#### WHAT TO DO
Print out the data precisely as it appears here, with no pictures.

#### RAW DATA

• • • • •

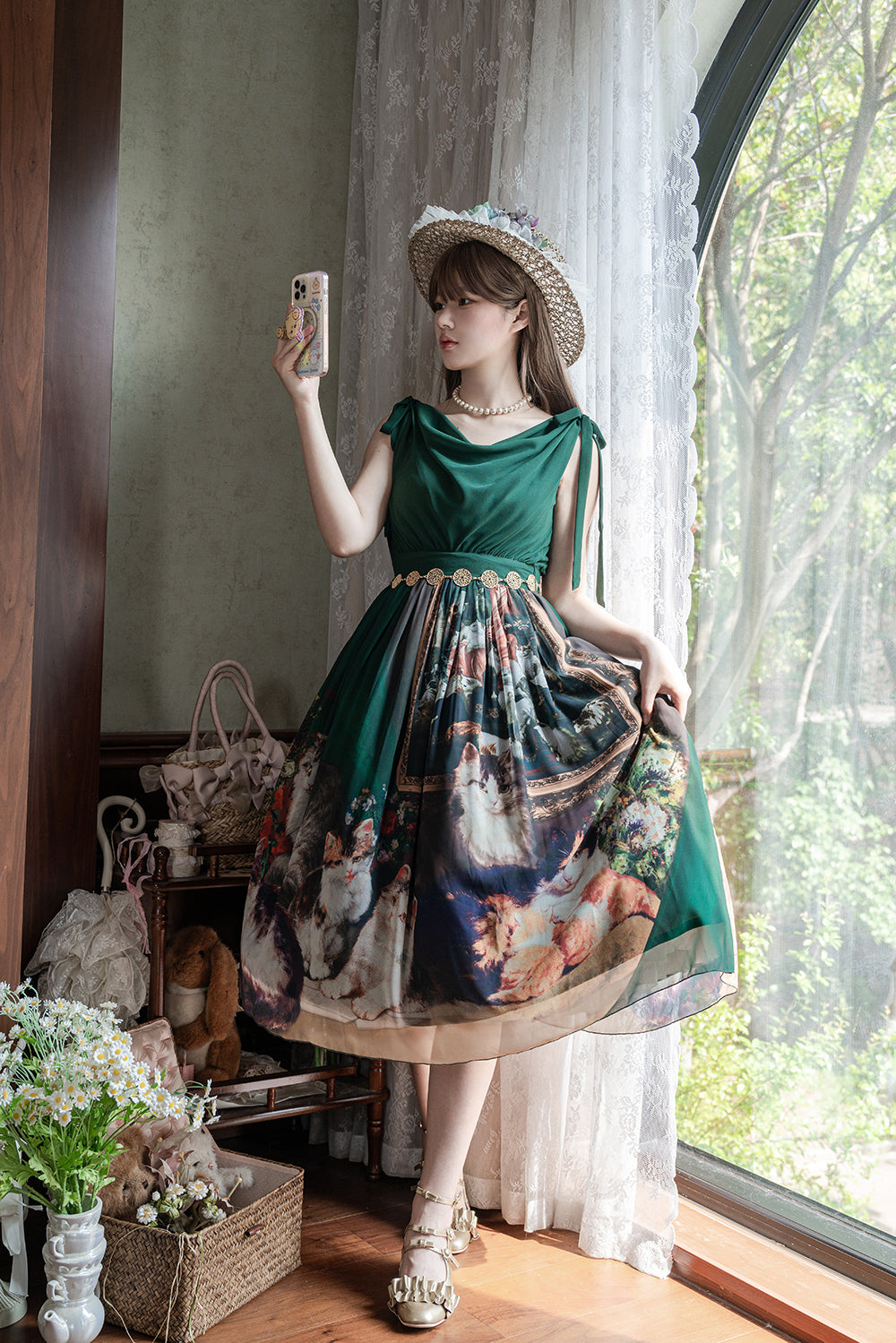 【予約販売】Elegance Greek 油彩画風プリントジャンパースカート・新色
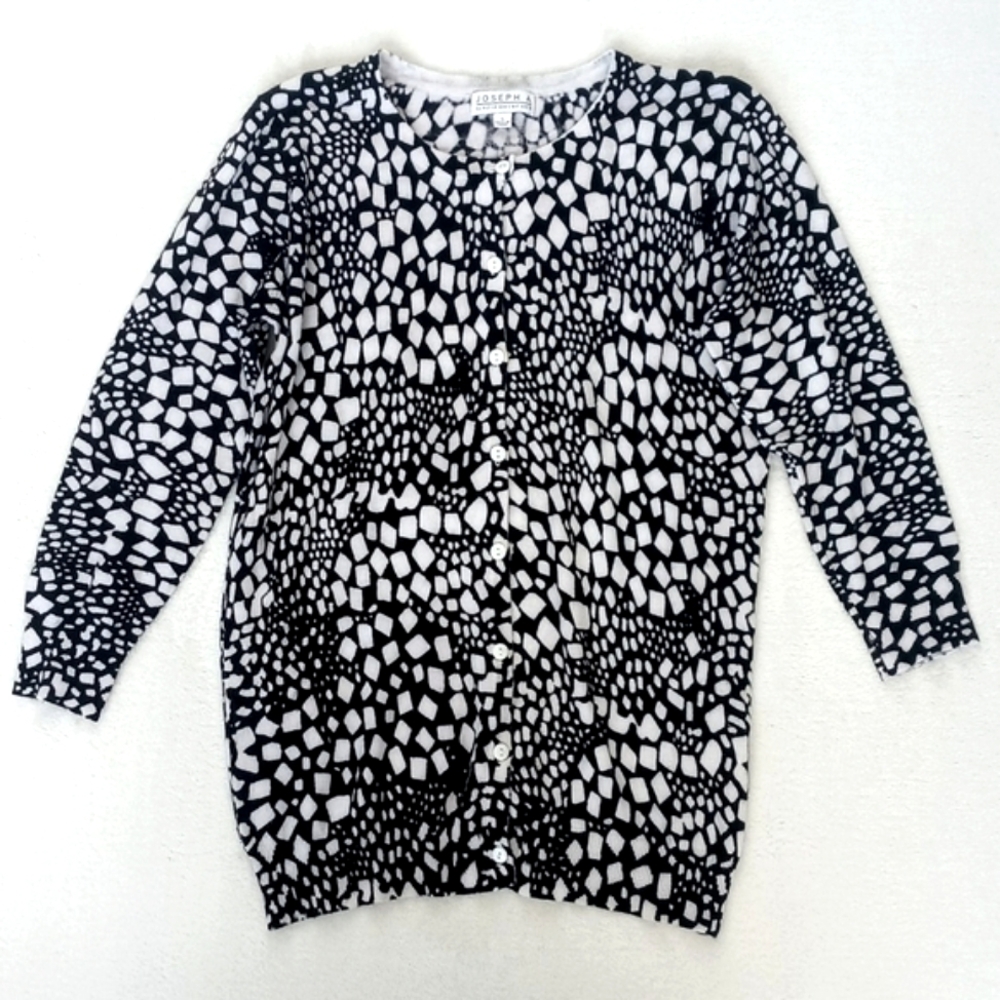 Joseph A Women's Black & White Abstract Motif Rayon Nylon 3/4 Sleeve Cardigan S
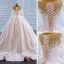 Luxury / Gorgeous Champagne See-through Bridal Wedding Dresses 2021 Ball Gown Scoop Neck Long Sleeve Beading Sequins Court Train Ruffle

• • • • •

#### WRITTEN SOLUTION
 【予約販売】Elegance Greek 油彩画風プリントジャンパースカート・新色
 Joseph A Women's Black & White Abstract Motif Rayon Nylon 3/4 Sleeve Cardigan S
 Luxury / Gorgeous Champagne See-through Bridal Wedding Dresses 2021 Ball Gown Scoop Neck Long Sleeve Beading Sequins Court Train Ruffle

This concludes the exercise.